Opinion
DOCKET NO. 1:16-cv-00043-MOC-DLH
03-29-2017
ORDER
THIS MATTER is before the Court on review of a Memorandum and Recommendation issued in this matter. In the Memorandum and Recommendation, the magistrate judge advised the parties of the right to file objections within 14 days, all in accordance with 28, United States Code, Section 636(b)(1)(c). While no objections have been filed within the time allowed, plaintiffs filed a "Reply to Response in Opposition" (#25), which addresses arguments made by defendants to the Honorable Dennis L. Howell, United States Magistrate Judge. The Court has fully considered that filing. For the reasons that follow, the Court affirms the proposed dismissals.
FINDINGS AND CONCLUSIONS
I. Applicable Standard of Review
The Federal Magistrates Act of 1979, as amended, provides that "a district court shall make a de novo determination of those portions of the report or specific proposed findings or recommendations to which objection is made." 28 U.S.C. § 636(b)(1); Camby v. Davis, 718 F.2d 198, 200 (4th Cir.1983). However, "when objections to strictly legal issues are raised and no factual issues are challenged, de novo review of the record may be dispensed with." Orpiano v. Johnson, 687 F.2d 44, 47 (4th Cir. 1982). Similarly, de novo review is not required by the statute "when a party makes general or conclusory objections that do not direct the court to a specific error in the magistrate judge's proposed findings and recommendations." Id. Moreover, the statute does not on its face require any review at all of issues that are not the subject of an objection. Thomas v. Arn, 474 U.S. 140, 149 (1985); Camby, 718 F.2d at 200. Nonetheless, a district judge is responsible for the final determination and outcome of the case, and accordingly the Court has conducted a careful review of the magistrate judge's recommendation.
II. Discussion
A. Background
As to the recommendation concerning the corporate defendants Ocwen Loan Servicing, LLC, and Mortgage Electronic Registration Systems, Inc. (hereinafter "the corporate defendants"), the recommended dismissal is based on Judge Howell's conclusion that the pro se plaintiffs did not comply with the first Order requiring service of defendants within the time provided and for failure to comply with the Show Cause Order. Specifically, after defendants filed, a Motion to Dismiss under Rule 12(b)(5) and plaintiffs responded by seeking leave to amend and to "re-serve," Judge Howell held as follows:
Upon a review of the record and the relevant legal authority, including Rule 15 of the Federal Rules of Civil Procure, the Court GRANTS Plaintiffs leave to amend their Complaint and an extension of time to perfect service of process on Defendants. The Court DIRECTS Plaintiffs that they shall have ten (10) days from the entry of this Order to amend their Complaint if they decide to do so. Plaintiffs shall have thirty (30) days from the entry of this Order to perfect service on Defendants.Order (#8) at 2. Plaintiffs filed their Amended Complaint (#9) on September 13, 2016, by delivering it to the Clerk of Court in Asheville.

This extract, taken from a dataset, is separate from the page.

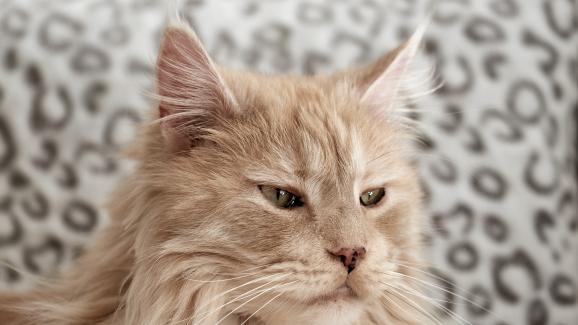 котка близък план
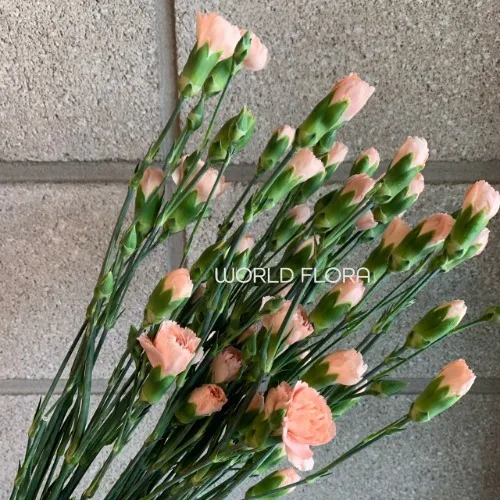 카네이션SP 하마다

As Judge Howell elected to run a deadline by a number of days that was not a multiple of weeks (which would have made the deadline fall on the same day as the Order based on the multiple), the Court has applied the counting rules found in Rule 6(a)(1), Federal Rules of Civil Procedure, and determined that the last day for filing the Amended Complaint was September 8, 2016. While the September 13, 2016, filing was not timely, Judge Howell made clear in both the Show Cause Order and the Memorandum and Recommendation that his recommended dismissal was is in no manner based on the timeliness or untimeliness of the filing of the Amended Complaint.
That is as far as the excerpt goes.